The overexpression of TGF-β1 has been reported to promote proliferation, angiogenesis and metastases in HNCs [24,25]. Our experiments show that, in early stage HNCs, sEV TGF-β1 content increases and decreases after therapy. Interestingly, TGF-β1 is known to induce PD-L1 expression on tumor-derived sEVs and thus effectively suppresses anti-cancer CD8 T-cell immune responses [26]. In agreement with this, we demonstrated that the PD-1/PD-L1 axis is elevated on tumor sEVs upon disease progression and reduced after response to therapy. PD-L1 is an immunosuppressive ligand associated with immune evasion in cancer [27]. Multiple studies demonstrated elevated sEV PD-L1 levels in different cancer entities, which correlated with poor patient prognosis [28,29]. Moreover, Theodoraki et al. observed that low sEV PD-L1 content is linked to shorter disease-free survival in HNC cancer and, thus, an unfavorable prognostic factor [13]. On the contrary, we observed a prolonged OS in patients with low sEV PD-1 and PD-L1 levels (although not significantly) before therapy. The prognostic value of elevated PD-1/PD-L1 in HNCs has been controversially discussed as either a bad [30] or good prognostic factor [31,32,33,34]. High sEV PD-L1 has been correlated with therapy resistance in HNCs [7,13] and other tumors, such as melanoma [35]. sEV PD-L1 is upregulated by IFN-γ expression, commonly present in the tissue microenvironment and induces apoptosis upon interaction with PD-1 on CD8+ lymphocytes [35]. This suggests the dual role of the PD-1/PD-L1 axis, not only being a sign of immune evasion, but also of immune activation.

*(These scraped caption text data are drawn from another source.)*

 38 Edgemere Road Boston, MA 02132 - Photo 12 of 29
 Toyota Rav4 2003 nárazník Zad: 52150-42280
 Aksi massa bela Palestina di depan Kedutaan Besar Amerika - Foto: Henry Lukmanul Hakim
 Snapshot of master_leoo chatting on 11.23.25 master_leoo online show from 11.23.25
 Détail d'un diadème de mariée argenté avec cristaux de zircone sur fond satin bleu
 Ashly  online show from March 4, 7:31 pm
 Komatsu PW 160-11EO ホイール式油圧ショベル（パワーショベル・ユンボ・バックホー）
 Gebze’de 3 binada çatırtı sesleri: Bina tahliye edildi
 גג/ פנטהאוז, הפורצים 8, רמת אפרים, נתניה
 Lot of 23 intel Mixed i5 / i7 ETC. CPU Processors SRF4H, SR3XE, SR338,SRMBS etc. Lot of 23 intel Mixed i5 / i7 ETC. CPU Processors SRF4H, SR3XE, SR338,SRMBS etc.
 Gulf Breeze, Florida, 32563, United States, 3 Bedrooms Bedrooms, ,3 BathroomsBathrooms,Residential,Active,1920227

Although the PD-L1/PD-1 axis seems to be the most promising biomarker of patient survival, PD-L1 is not expressed by all HNC patients [31,32]. Moreover, as we mentioned previously, its relevance for patient survival is controversial. Therefore, a decision exclusively based on this marker might not be sufficient in HNCs. Interestingly, we could identify another maker on sEVs that seems to correlate with better patient prognosis. sEV-associated FasL levels are reduced in advanced HNCs and sEV Fas is increased in NED patients up to six months after therapy. We have previously shown that sEVs from HNC patients with active disease express Fas and FasL. While Fas expression decreases, FasL remains consistent in NED patients [8]. Other studies demonstrated that elevated Fas/FasL expression is a positive prognostic marker in oral and laryngeal cancer [36,37], and also various other cancers (gastric: [38], colorectal: [39], esophageal: [40]). The sEV Fas/FasL expression might reflect the expression patterns of the cells of origin. Immunosuppression mediated by the Fas/FasL pathway is considered crucial for cancer-mediated immunosuppression [41] and the interaction of FasL on sEVs with the Fas receptor on T cells induces apoptosis in CD8+ T cells [42]. In small cell lung cancer and breast cancer, the upregulation of Fas on tumor cells reflects a higher susceptibility of cancer cells to platinum-based therapies [43,44]. The loss of FasL expression on sEVs in advanced disease might represent the downregulation of the apoptosis signaling pathways by the tumor cells as a matter of tumor resistance and the upregulation of Fas suggests the recovering immune system after successful therapy.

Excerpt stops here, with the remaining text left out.